Part A: Introduction: a brief recap on atoms, elements and compounds
Part B: Copper and Copper Oxide: We demonstrate how copper can combine with oxygen to produce copper oxide and how copper oxide can be broken back down into copper and oxygen. We explain how blast furnaces produce metals like iron from iron ore.
Part C: Lavoisier’s List of Elements: The first (fairly accurate) list of elements was published by Lavoisier in 1789. The Ancient Greek 4-element theory was laid to rest. We explain what fire is.
Part D: The Law of Conservation of Mass: Among other achievements, Lavoisier proposed the Law of Conservation of Mass. In any chemical reaction, the mass of the reactants equals the mass of the products. Numerous chemical reactions are shown to demonstrate.
Part E: Some Physical Evidence: In the 1700s, experiments involving air pressure suggested that air was made of tiny, rapidly moving particles. We demonstrate and explain what air pressure is and why it occurs. However, though air pressure alone could not prove that atoms existed, it did lead many towards a belief in atoms.
Part F: Atoms are Discovered: When compounds were analysed carefully, it was realized that they always show a fixed ratio of the weights of the elements that make them up. John Dalton used this data to propose the existence of atoms. Later, Jons Berzelius came up with our “modern” system of chemical notation.

Part A: Introduction
Bricks, stone, steel, glass…everything in fact is made of atoms. Atoms are tiny, way too tiny to be seen individually, so how were they discovered?
Well, we’ve seen that experiments in the 1700s revealed to scientists that some substances, like hydrogen and oxygen could not be broken down into anything simpler because they weren’t themselves made up of anything else. These kinds of substances were called elements. Other substances though, called compounds, are made of elements which chemically join together. carbon dioxide and magnesium oxide are just two examples.
By performing lots of experiments, scientists in the late 1700s were getting very close to discovering atoms.
Let’s look at one more example that will help illustrate how substances can combine chemically to form something new and then come apart chemically to reform what we started with.

Part B: Copper and Copper Oxide

This is copper metal, which we use to make electrical wiring and water and gas pipes. If I take a small amount of copper and heat it really strongly, it slowly turns black.
The copper chemically combines with oxygen in the air to produce the black substance which we now call copper oxide (CuO).
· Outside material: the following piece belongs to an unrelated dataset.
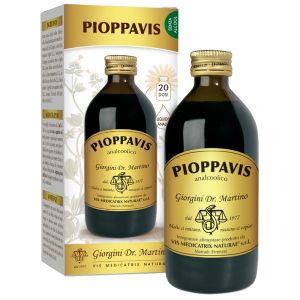 Pioppavis liquido analcoolico 200 ml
Copper metal on the left, copper oxide on the right.
We know it’s oxygen that the copper combines with because if we heated it in an enclosed container without oxygen, it wouldn’t turn black.
The equation for the chemical reaction is
copper + oxygen –> copper oxide
Cu + O2 –> CuO
Let’s balance the equation.
We have 1 Cu atom on the left and 1 Cu atom on the right, so our Cus (pronounced “see-yous”) are balanced. However, since we have 2 O atoms on the left, we in fact form 2 CuOs (see-you-ohs), so we need to put a 2 in front of the CuO.
Now we have 2 Cu atoms on the right, so we need to go back and put a 2 in front of our Cu on the left.
The equation is now balanced.
2Cu + O2 –> 2CuO
So, is our pure shiny reddy-brown copper metal gone forever? Is there any way of getting the copper back, of somehow pulling the oxygen and the copper apart again? Well, of course there is. With copper it’s actually pretty easy. With many other metals it’s really hard.
If I take some carbon powder, and mix it with some powdered copper oxide, basically the same stuff I just produced, but crushed into a powder, and then heat the mixture again, a different chemical reaction occurs and the reddy-brown copper metal starts to reform in the test tube. The copper oxide powder, which was made of copper and oxygen atoms which had chemically joined together, is being broken back down into copper metal and oxygen. The oxygen quickly combines with the carbon and forms carbon monoxide, an invisible gas that flows out of the test tube.
The equation can be written as
copper oxide + carbon –> copper + carbon monoxide.
In symbols CuO + C –> Cu + CO.
So while copper oxide can be broken down, no chemical reaction ever performed by any of the scientists in the 1700s showed that copper or carbon can be broken down. They were pretty certain therefore that copper and carbon were elements, and we now know that they were right.
Now let me quickly just mention that the reaction you’ve just seen is basically how many metals are actually produced in industry, but on a huge scale.
Iron for example isn’t found naturally as iron metal, because the earth’s iron atoms are usually chemically joined to oxygen atoms in a reddish mineral called iron oxide. Iron oxide is obtained from iron ore mines. Iron ore is the name given to the rocks from which iron can be extracted at a profit by mining companies.
After the iron oxide is mined and purified, it’s fed into huge blast furnaces along with carbon, which they get from coal mines. They also pump in oxygen.
A series of chemical reactions takes place, similar to the copper-producing reaction I showed you, which separates the iron atoms from the oxygen atoms, resulting in the production of iron, liquid iron in fact since blast furnaces operate at temperatures of more than 1600°Celsius (~ 3000°F).
The iron is then used to make steel, the most commonly used metal in the world. (Steel typically consists of more than 98% iron. Small amounts of carbon and other metals are added to iron to produce steel.)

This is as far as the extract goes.